# Work to be completed
Without including any images, please transcribe all the lines below exactly.

---

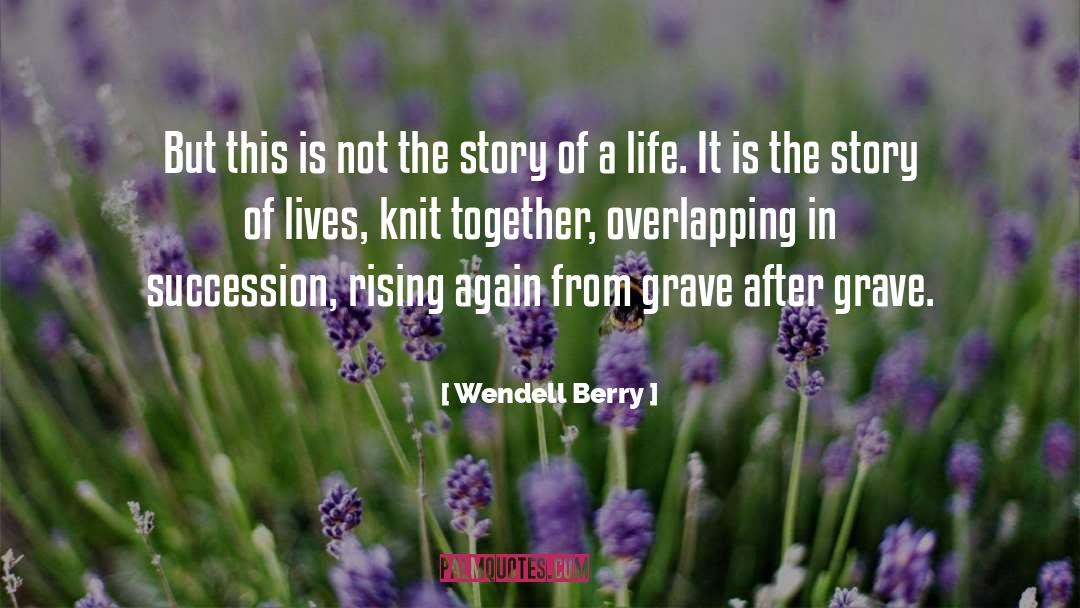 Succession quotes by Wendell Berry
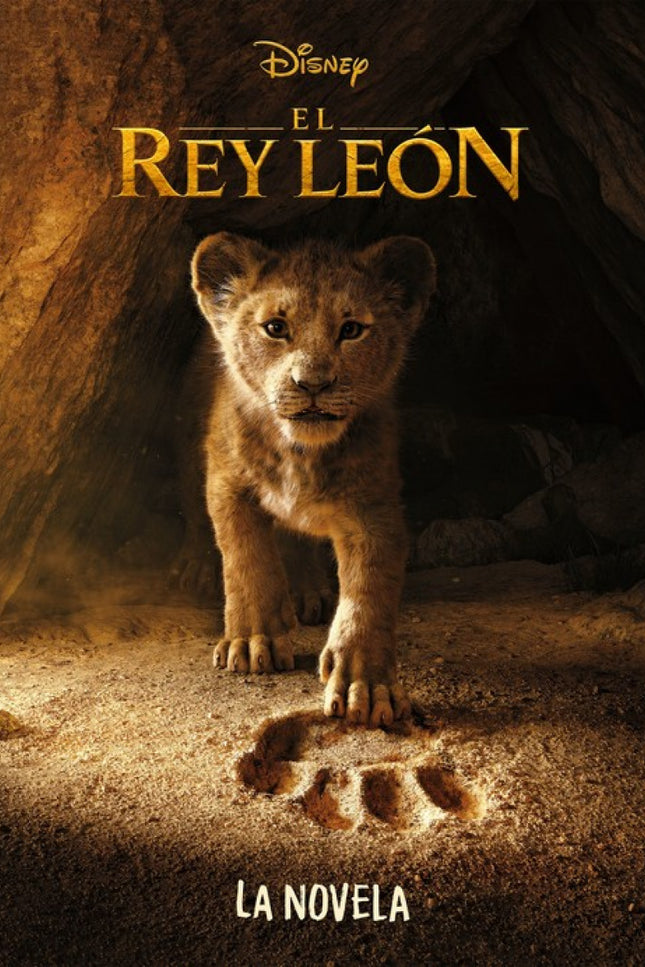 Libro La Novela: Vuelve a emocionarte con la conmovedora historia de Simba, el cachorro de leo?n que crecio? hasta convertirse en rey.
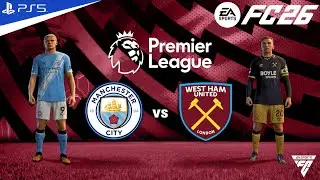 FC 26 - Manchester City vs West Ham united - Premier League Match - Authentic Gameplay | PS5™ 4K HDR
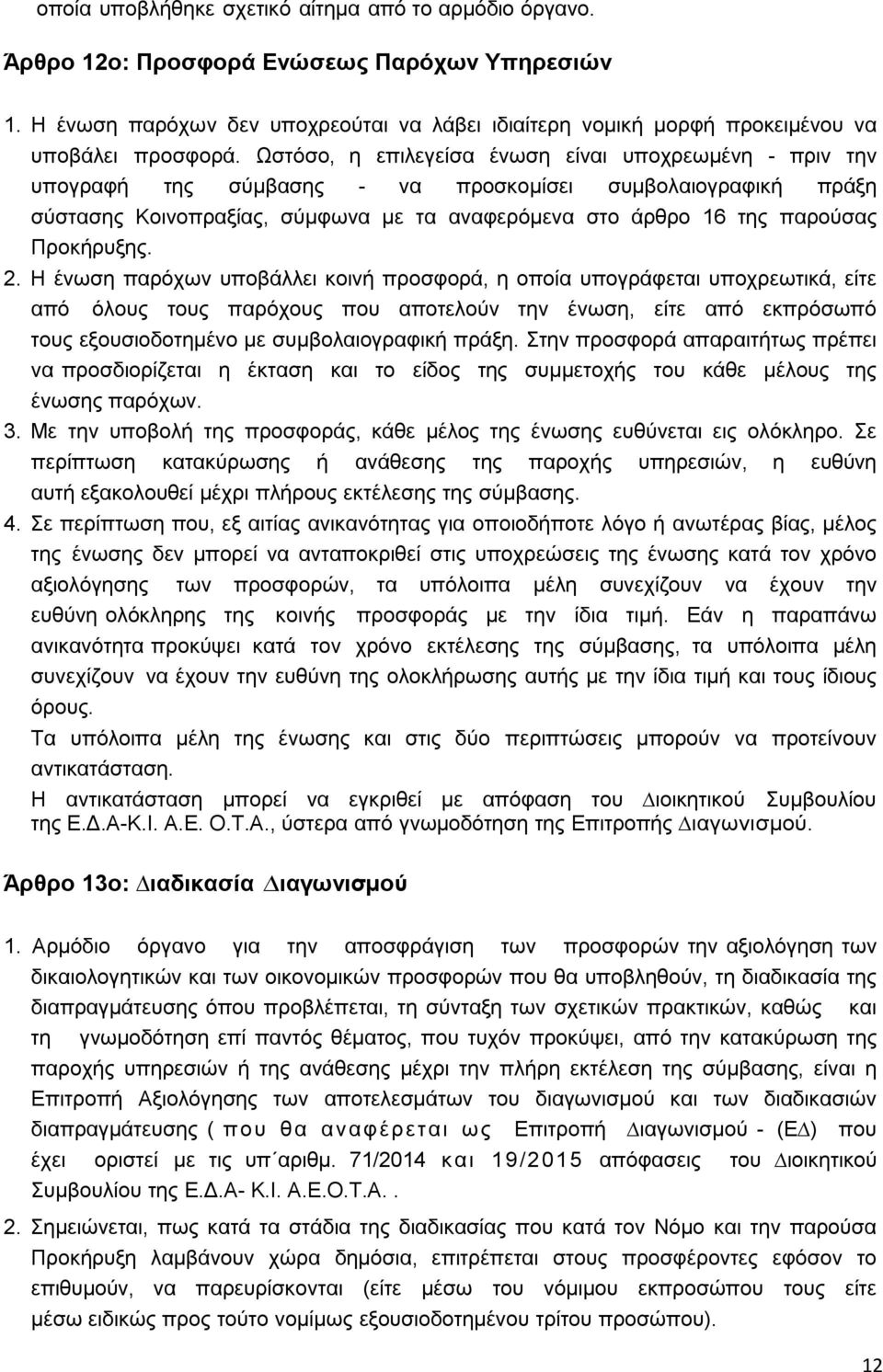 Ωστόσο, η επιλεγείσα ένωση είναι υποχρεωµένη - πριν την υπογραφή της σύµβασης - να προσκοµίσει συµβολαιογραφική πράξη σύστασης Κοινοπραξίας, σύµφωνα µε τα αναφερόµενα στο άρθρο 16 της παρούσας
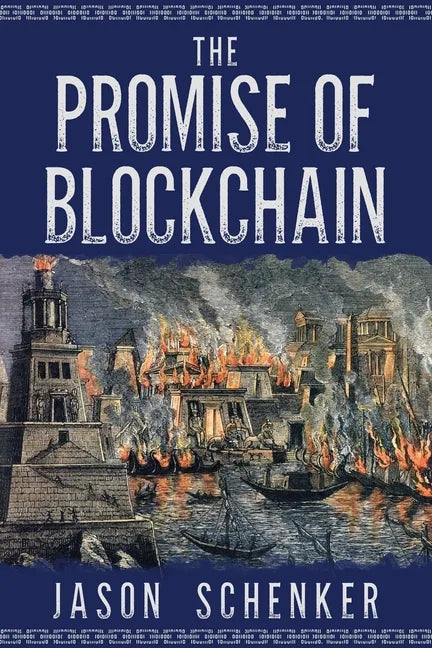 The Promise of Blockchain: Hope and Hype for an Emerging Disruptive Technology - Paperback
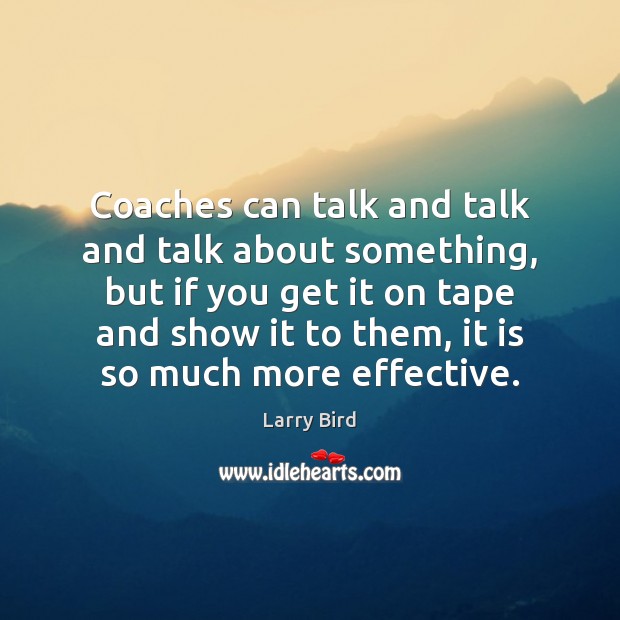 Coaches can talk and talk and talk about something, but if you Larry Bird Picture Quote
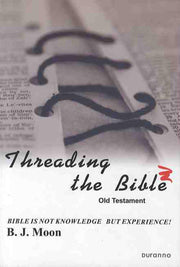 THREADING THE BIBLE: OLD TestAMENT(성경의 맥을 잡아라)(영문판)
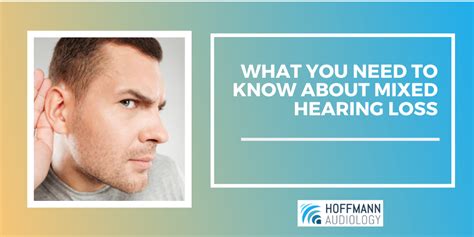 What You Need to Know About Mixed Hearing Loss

---

# Your response
 Succession quotes by Wendell Berry
 Libro La Novela: Vuelve a emocionarte con la conmovedora historia de Simba, el cachorro de leo?n que crecio? hasta convertirse en rey.
 FC 26 - Manchester City vs West Ham united - Premier League Match - Authentic Gameplay | PS5™ 4K HDR
 Ωστόσο, η επιλεγείσα ένωση είναι υποχρεωµένη - πριν την υπογραφή της σύµβασης - να προσκοµίσει συµβολαιογραφική πράξη σύστασης Κοινοπραξίας, σύµφωνα µε τα αναφερόµενα στο άρθρο 16 της παρούσας
 The Promise of Blockchain: Hope and Hype for an Emerging Disruptive Technology - Paperback
 Coaches can talk and talk and talk about something, but if you Larry Bird Picture Quote
 THREADING THE BIBLE: OLD TestAMENT(성경의 맥을 잡아라)(영문판)
 What You Need to Know About Mixed Hearing Loss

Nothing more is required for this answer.